Ricardo Romero, Je Suis l’hiver

Un Fargo argentin

« Pampa Asiain n’a jamais rêvé d’être poli­cier. Il n’a jamais rêvé de rien. S’il avait eu le choix, il serait quelqu’un qui ne dort ni ne rêve. » (p. 21). Au sor­tir de l’école de police, pour­tant, Pampa Asiain prend son pre­mier poste au fin fond de l’Argentine, dans la petite ville de Monge, per­due dans l’hiver gla­cial et nei­geux à quatre cents kilo­mètres de Bue­nos Aires.
À Monge, outre le com­mis­sa­riat, il n’y a pas grand-chose : le route qui tra­verse la ville, le bar où se retrouvent et boivent quelques habi­tués, une quin­caille­rie et des mai­sons aban­don­nées.

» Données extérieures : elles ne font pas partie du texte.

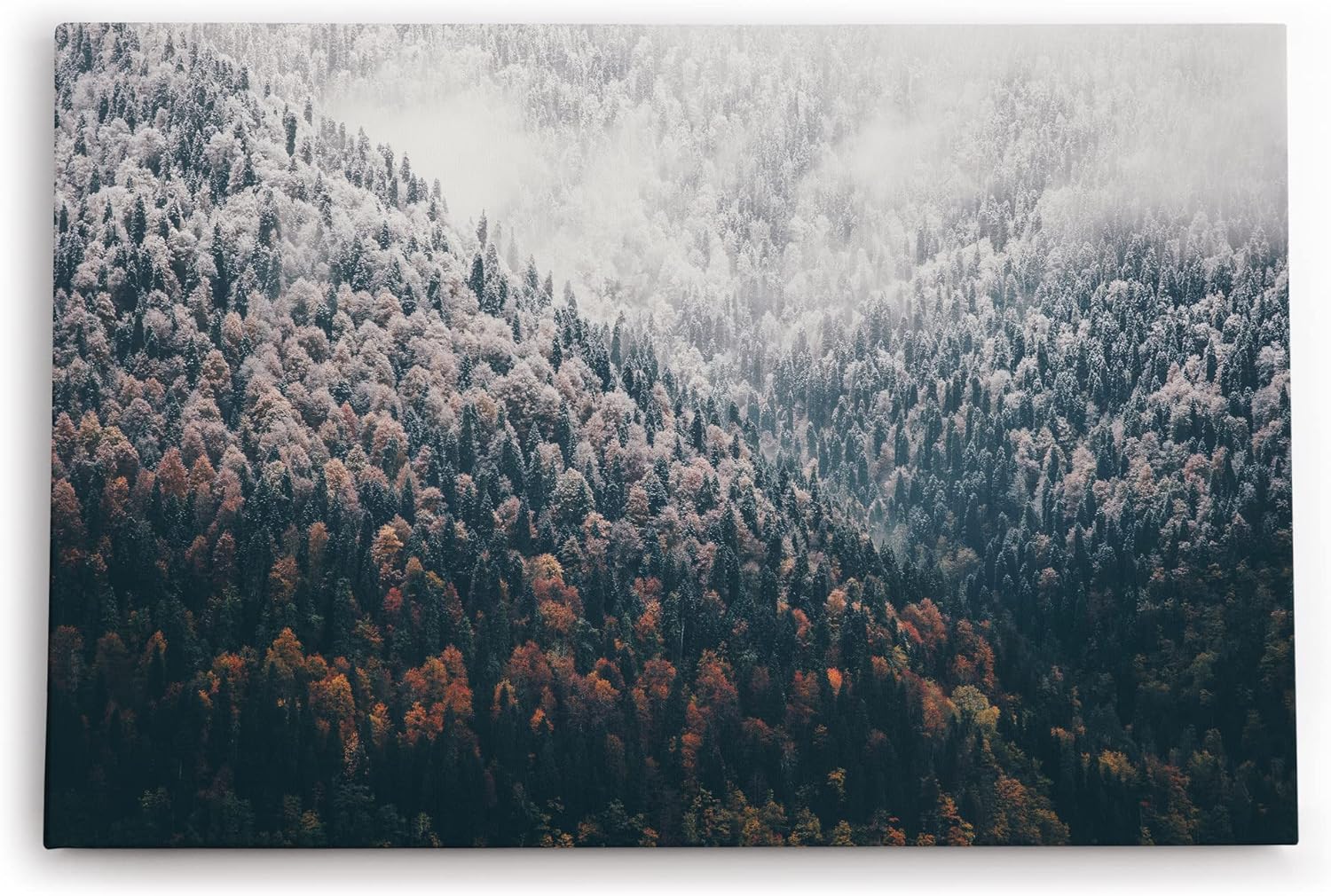 Paul Sinus Wandbild 120x80cm Tannenwald Wald Berg Natur Bäume Nebel Kunstvoll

Au poste de police, on tâche de pas­ser le temps en se tenant com­pa­gnie pen­dant les gardes et grâce à la radio quand elle veut bien fonc­tion­ner : la plu­part du temps, c’est plu­tôt « la fri­ture avec laquelle ils ont appris à coha­bi­ter » (p. 53).
À Monge, la nature est reine, on s’y plie car elle est immense par com­pa­rai­son avec la peti­tesse des hommes et de leur vie. C’est jus­te­ment parce que la météo tourne à la tem­pête de neige que Pampa est envoyé en recon­nais­sance au bord du lac, afin de véri­fier qu’aucun acci­dent ne s’est pro­duit. Là, alors que dans une impul­sion comme il en a par­fois, contre toute attente Pampa a plongé dans les eaux gla­cées du lac, il aper­çoit le cadavre d’une jeune femme pendu à un arbre. La décou­verte en elle-même est pré­sen­tée de façon par­ti­cu­liè­re­ment carac­té­ris­tique de ce roman beau et poé­tique : « D’un arbre robuste, à quelques mètres du bord, une femme pend. Le corps d’une femme. Pampa n’a pas peur, mais plu­tôt honte. Il vient de se rendre compte qu’il est nu. » (p. 21).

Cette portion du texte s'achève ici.